Mas a tecnologia também apresenta novos desafios para os hoteleiros. Na era digital, os clientes geralmente se familiarizam com um hotel antes mesmo de chegar à propriedade. Eles podem ler sobre as instalações, folhear virtualmente o cardápio do restaurante, ver fotografias ou mesmo fazer um tour virtual. Dadas essas circunstâncias, como os hoteleiros ainda podem surpreender e impressionar seus hóspedes? É aí que o serviço, a construção das relações com o cliente, torna-se importante. Na indústria de serviços, a incorporação da tecnologia não pode se tornar uma desculpa para a preguiça.

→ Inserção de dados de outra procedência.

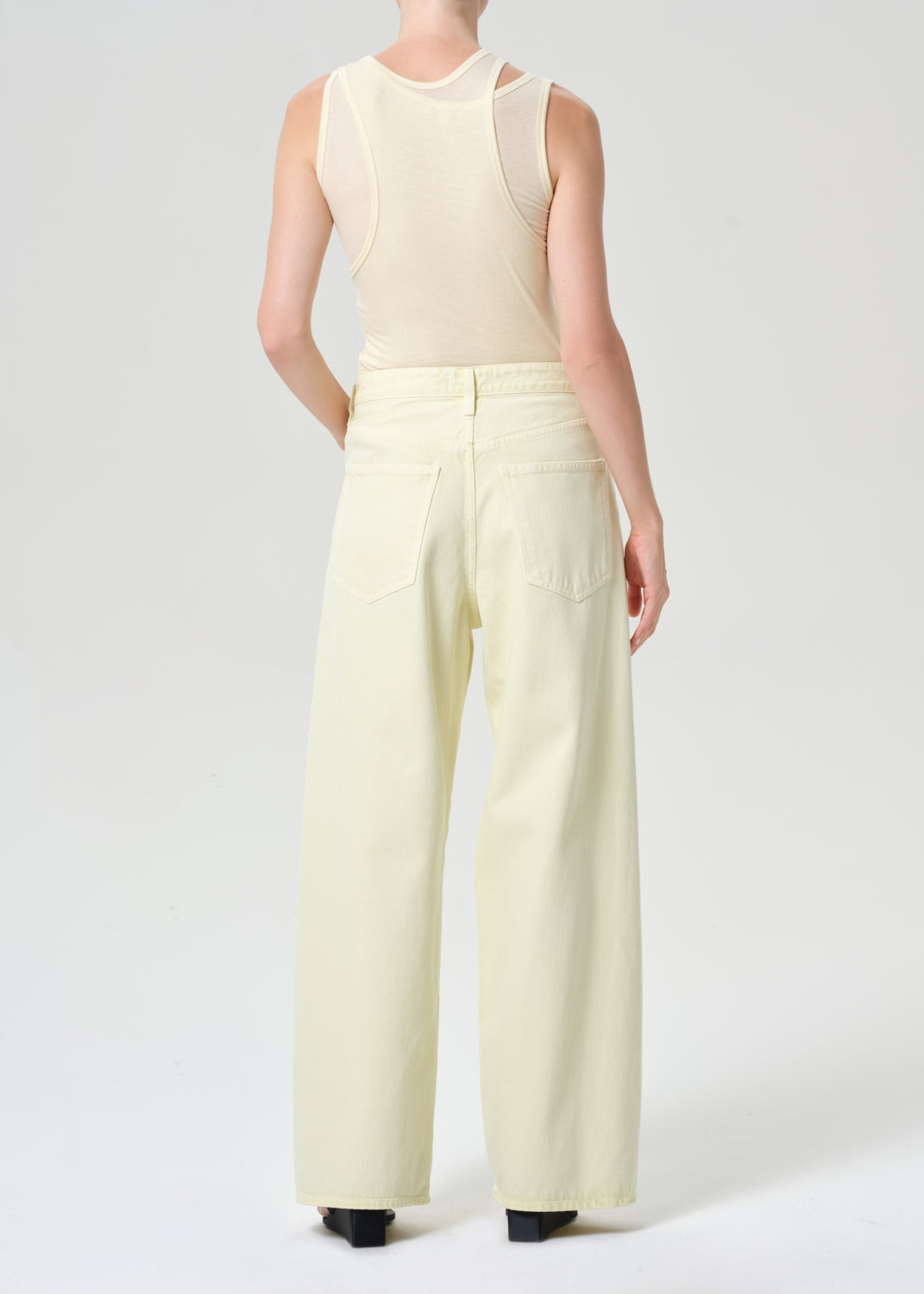 Person wearing a beige sleeveless top and wide-leg pants on a white background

O big data e os serviços automatizados não devem substituir a comunicação e a interação pessoal com os hóspedes. Manter esse toque humano é vital se as marcas quiserem ultrapassar a expectativa dos clientes.
Hoje, mais do que nunca, o luxo é empírico. É claro, o produto é fundamental – o hotel físico, o restaurante, os ingredientes –, mas as experiências são a maneira como os clientes obtêm conexões emocionais e memoráveis. Então, as indústrias de hospitalidade, de varejo e de serviços têm algo único a oferecer e cultivar: o contato direto com eles. O serviço, a atenção ao detalhe e o toque humano são elementos que podem aumentar a experiência do hóspede.
Não importa se estamos falando de um hotel cinco estrelas ou de um hotel-butique independente. As marcas que trabalham com a hospitalidade têm a oportunidade de contar suas histórias por meio da entrega de experiências únicas. E o mundo digital de hoje as capacita a selecionar o conteúdo e a inspirar seu público por meio da internet. Mas o conteúdo precisa ser legítimo. Enquanto os consumidores continuarem buscando experiências únicas e significativas, a importância do serviço centrado no cliente não pode ser subestimada. Antes de tudo, a hospitalidade é um negócio que envolve pessoas. A inovação depende do talento humano.